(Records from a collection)

>>>

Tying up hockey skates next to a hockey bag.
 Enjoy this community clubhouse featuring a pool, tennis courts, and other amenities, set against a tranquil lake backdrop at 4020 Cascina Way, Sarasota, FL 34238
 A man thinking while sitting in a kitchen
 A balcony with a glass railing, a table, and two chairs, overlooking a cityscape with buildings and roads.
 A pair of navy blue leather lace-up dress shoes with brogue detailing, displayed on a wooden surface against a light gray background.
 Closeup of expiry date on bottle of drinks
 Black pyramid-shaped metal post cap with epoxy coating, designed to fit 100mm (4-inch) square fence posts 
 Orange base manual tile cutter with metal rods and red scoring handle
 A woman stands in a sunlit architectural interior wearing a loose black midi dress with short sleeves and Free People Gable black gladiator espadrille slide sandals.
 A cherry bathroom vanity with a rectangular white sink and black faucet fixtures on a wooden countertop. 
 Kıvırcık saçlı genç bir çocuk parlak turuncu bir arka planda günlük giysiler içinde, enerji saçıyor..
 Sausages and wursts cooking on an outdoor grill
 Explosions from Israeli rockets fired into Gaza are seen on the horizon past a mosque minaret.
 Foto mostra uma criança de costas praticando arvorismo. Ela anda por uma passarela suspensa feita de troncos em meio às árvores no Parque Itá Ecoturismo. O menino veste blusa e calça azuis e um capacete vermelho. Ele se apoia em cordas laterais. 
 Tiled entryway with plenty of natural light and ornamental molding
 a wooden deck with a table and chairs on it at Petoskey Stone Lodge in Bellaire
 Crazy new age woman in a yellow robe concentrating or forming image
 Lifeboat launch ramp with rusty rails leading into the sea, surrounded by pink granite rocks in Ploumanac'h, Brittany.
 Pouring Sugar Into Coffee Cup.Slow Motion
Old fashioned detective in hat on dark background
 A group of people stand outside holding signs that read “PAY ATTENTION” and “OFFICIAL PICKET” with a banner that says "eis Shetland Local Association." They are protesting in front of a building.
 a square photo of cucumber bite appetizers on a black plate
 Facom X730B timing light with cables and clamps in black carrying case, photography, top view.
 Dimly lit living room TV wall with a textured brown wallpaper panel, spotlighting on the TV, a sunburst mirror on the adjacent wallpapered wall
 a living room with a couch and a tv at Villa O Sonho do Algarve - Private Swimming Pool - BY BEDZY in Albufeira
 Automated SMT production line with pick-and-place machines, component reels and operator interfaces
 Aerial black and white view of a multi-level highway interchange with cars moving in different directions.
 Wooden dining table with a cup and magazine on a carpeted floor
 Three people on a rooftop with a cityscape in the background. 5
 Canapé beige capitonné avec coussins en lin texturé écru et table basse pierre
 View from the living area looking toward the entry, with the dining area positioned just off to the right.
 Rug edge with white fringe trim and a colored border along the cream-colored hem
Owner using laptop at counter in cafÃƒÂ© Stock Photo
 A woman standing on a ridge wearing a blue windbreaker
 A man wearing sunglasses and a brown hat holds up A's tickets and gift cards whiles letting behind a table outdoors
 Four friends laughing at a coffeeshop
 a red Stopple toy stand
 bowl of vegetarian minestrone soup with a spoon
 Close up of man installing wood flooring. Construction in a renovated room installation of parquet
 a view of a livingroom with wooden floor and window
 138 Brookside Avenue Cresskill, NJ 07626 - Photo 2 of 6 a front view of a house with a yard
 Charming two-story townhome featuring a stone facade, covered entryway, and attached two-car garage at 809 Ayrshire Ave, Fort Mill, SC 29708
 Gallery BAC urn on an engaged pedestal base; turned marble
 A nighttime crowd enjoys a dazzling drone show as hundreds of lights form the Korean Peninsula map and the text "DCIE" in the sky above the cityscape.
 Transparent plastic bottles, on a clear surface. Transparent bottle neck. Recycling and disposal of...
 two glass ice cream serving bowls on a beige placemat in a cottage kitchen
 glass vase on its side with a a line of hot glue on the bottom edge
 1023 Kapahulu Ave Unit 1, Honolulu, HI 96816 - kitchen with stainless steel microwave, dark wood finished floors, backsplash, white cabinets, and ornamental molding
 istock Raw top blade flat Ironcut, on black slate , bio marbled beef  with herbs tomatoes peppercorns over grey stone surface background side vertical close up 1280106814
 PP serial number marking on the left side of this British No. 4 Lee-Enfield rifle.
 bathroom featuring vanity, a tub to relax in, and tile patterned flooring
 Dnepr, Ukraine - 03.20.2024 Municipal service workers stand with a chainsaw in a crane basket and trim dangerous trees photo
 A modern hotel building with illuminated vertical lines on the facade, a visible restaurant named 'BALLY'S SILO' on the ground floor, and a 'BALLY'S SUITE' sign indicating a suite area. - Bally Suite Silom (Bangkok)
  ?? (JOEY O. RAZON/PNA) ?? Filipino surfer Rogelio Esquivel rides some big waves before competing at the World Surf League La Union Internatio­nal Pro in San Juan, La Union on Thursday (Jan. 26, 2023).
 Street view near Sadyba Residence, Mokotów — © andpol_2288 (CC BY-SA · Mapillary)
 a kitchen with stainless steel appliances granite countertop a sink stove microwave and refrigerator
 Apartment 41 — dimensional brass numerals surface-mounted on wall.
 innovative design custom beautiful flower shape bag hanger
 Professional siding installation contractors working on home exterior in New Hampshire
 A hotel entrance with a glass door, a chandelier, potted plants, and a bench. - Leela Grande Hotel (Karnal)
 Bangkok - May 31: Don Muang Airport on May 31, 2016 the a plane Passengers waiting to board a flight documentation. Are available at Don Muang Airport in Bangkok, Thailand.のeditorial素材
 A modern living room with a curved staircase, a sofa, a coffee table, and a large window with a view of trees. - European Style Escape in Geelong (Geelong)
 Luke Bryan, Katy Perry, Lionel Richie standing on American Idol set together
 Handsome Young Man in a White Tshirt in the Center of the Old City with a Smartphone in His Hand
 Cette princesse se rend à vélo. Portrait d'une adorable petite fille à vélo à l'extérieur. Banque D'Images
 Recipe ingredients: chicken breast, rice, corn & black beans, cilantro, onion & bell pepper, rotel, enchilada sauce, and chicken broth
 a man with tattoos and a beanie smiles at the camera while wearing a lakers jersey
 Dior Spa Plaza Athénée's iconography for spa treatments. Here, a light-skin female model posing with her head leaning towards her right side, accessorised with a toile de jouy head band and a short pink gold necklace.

<<<

■ **Prompt**: The required answer is the run of lines above, starting at the line with "Transparent plastic bottles, on" and ending at the line with "A modern hotel", reproduced exactly with both ends.

■ **Answer area**:
 Transparent plastic bottles, on a clear surface. Transparent bottle neck. Recycling and disposal of...
 two glass ice cream serving bowls on a beige placemat in a cottage kitchen
 glass vase on its side with a a line of hot glue on the bottom edge
 1023 Kapahulu Ave Unit 1, Honolulu, HI 96816 - kitchen with stainless steel microwave, dark wood finished floors, backsplash, white cabinets, and ornamental molding
 istock Raw top blade flat Ironcut, on black slate , bio marbled beef  with herbs tomatoes peppercorns over grey stone surface background side vertical close up 1280106814
 PP serial number marking on the left side of this British No. 4 Lee-Enfield rifle.
 bathroom featuring vanity, a tub to relax in, and tile patterned flooring
 Dnepr, Ukraine - 03.20.2024 Municipal service workers stand with a chainsaw in a crane basket and trim dangerous trees photo
 A modern hotel building with illuminated vertical lines on the facade, a visible restaurant named 'BALLY'S SILO' on the ground floor, and a 'BALLY'S SUITE' sign indicating a suite area. - Bally Suite Silom (Bangkok)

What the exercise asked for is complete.